Range to copy from the entries below: the line containing "Hello and welcome" through the line containing "In my case, my", inclusive. Retype only those lines, exactly, without any images.

[Source data]

--- START ---

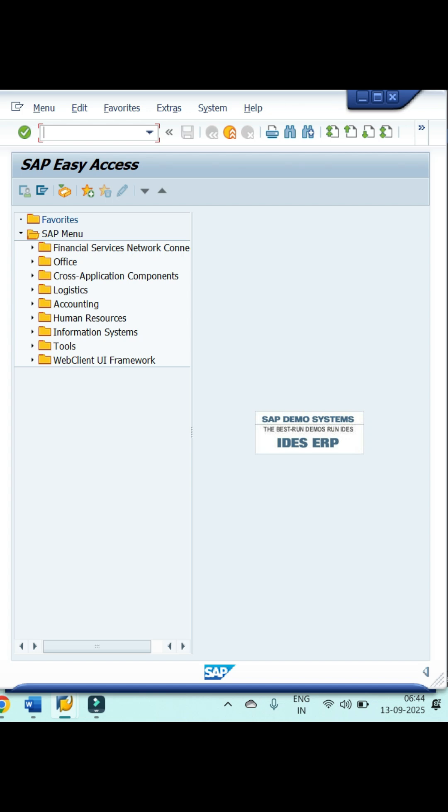Hi everyone, in this video we are going to learn how to check the complete material list in SAP using transaction code MM60. First, enter MM60 T-code in your SAP transaction box, then click on the Enter button on your keyboard.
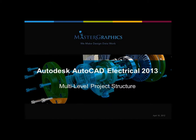Hello and welcome to What's New in AutoCAD Electrical 2013. Today's segment is multi-level project structure and my name is Peter Tan. I'm an application engineer with Master Graphics.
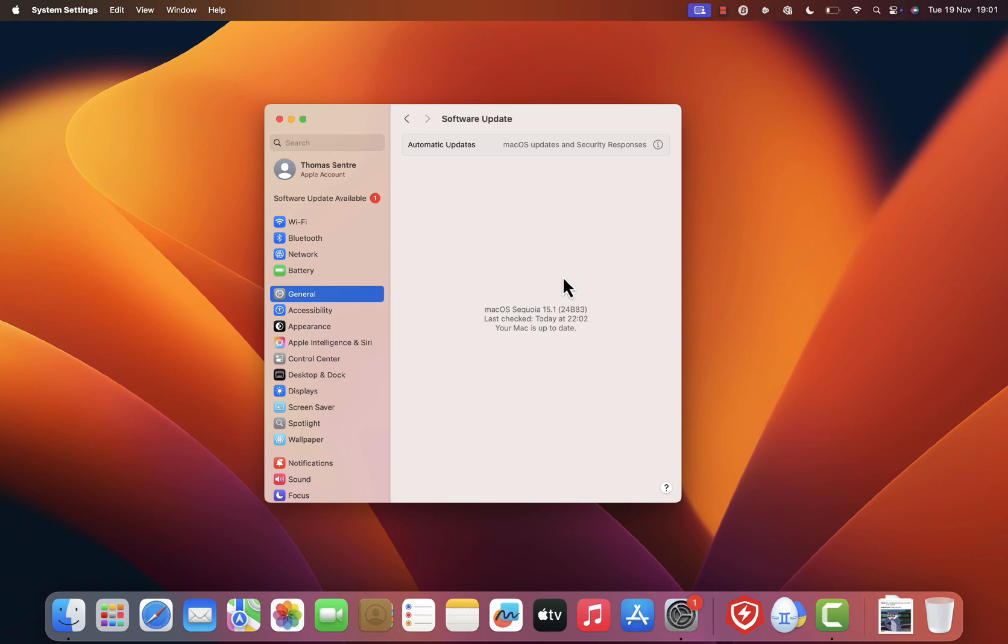In my case, my system is up-to-date and I don't see any updates available. But if your Safari needs an update, the system will notify you here. Once updated, you'll be good to go.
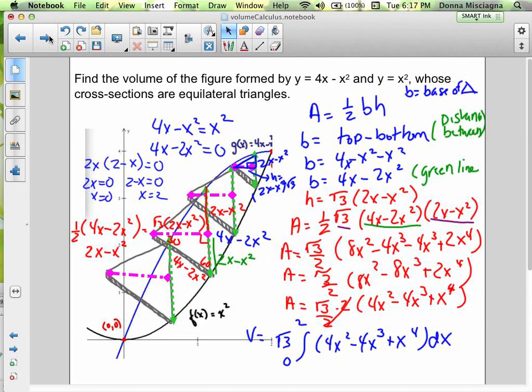I have to apologize for what this one looks like — it's not difficult to solve, just difficult to draw. We want to find the volume of the figure formed by y equals 4x minus x² and y equals x², whose cross-sections are equilateral triangles. When setting these up, make sure you graph the bottom first and then draw a cross-section to the best of your ability. What matters is where the dimensions come from.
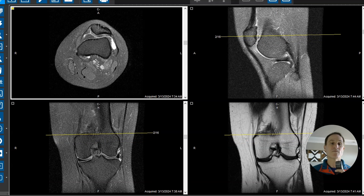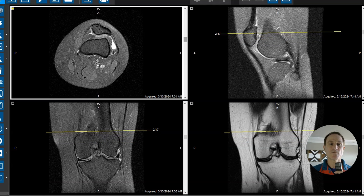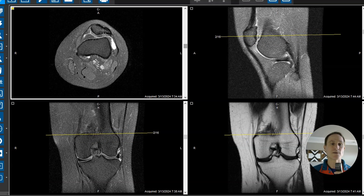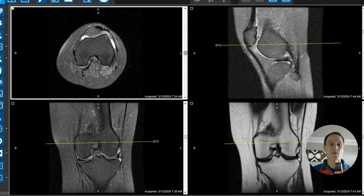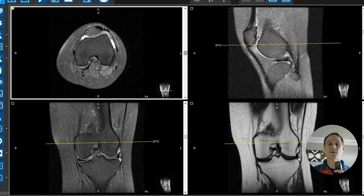So far we have mild lateral patellar subluxation, we have some borderline lateral patellar tilt, we have fatty impingement here, and these all go along with a patellar tracking disorder and pain in the anterior knee.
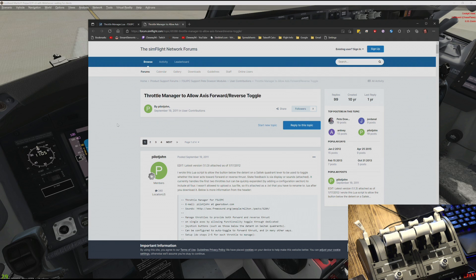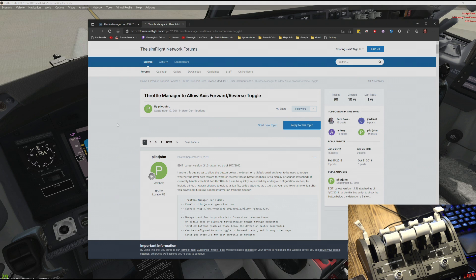So there we go — three different simulators, three different ways to set up reverse thrust with the TCA Boeing Throttle Quadrant from Thrustmaster. I really hope you enjoyed it. If you want to leave any comments about the video — whether you like this more informal live commentary style for tutorials or whether you'd rather I write a script — let me know. I'll see you in next month's Thrustmaster sponsored video. Have a great rest of your weekend.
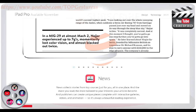News. News collects stories from top sources just for you in one place. And the more you read, the more tailored to your interests your articles become. Publishers can create unique pieces complete with interactive galleries, videos and animation, so it's always a beautiful reading experience.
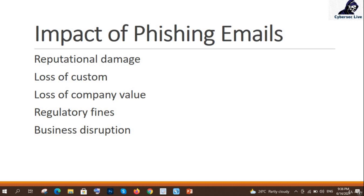Similarly, loss of customers, loss of company values, regulatory fines, and business disruption. Business disruption happens because nobody will do business with you if they find out that phishing emails are coming in and you don't have enough security to handle your client's data. So they are definitely not going to do business with you — that is business disruption.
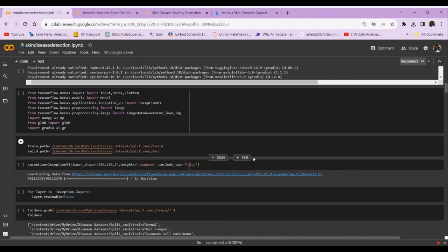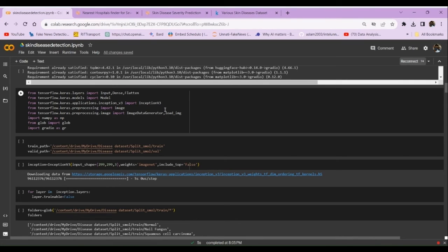For implementing the AI-based model, I used Google Colab. The AI model I am using is the pre-trained model Inception V3, developed by Google, which has already been trained on millions of images. Since it is already pre-trained, it requires less time for training and is expected to perform with much better accuracy compared to building our own model from scratch for skin disease classification or detection.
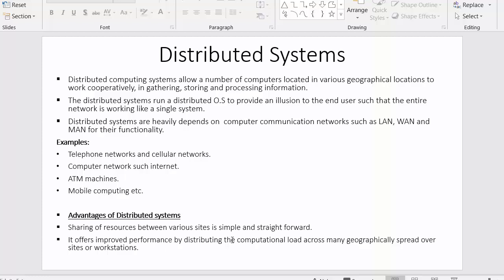Now let us look at the advantages of distributed systems. First, sharing of resources between various sites is simple and straightforward. In distributed systems, we can share information across systems — if one system doesn't have the information, we can get it from another system and provide it to the user.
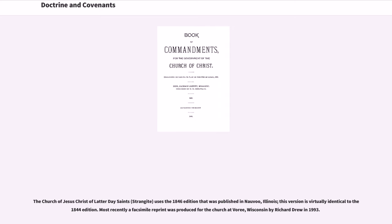The Church of Jesus Christ of Latter-day Saints (Strangite) uses the 1846 edition that was published in Nauvoo, Illinois; this version is virtually identical to the 1844 edition. Most recently, a facsimile reprint was produced for the church at Voree, Wisconsin, by Richard Drew in 1993.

--- END ---

- THE COMPLETED TASK -
Hello and welcome to What's New in AutoCAD Electrical 2013. Today's segment is multi-level project structure and my name is Peter Tan. I'm an application engineer with Master Graphics.
In my case, my system is up-to-date and I don't see any updates available. But if your Safari needs an update, the system will notify you here. Once updated, you'll be good to go.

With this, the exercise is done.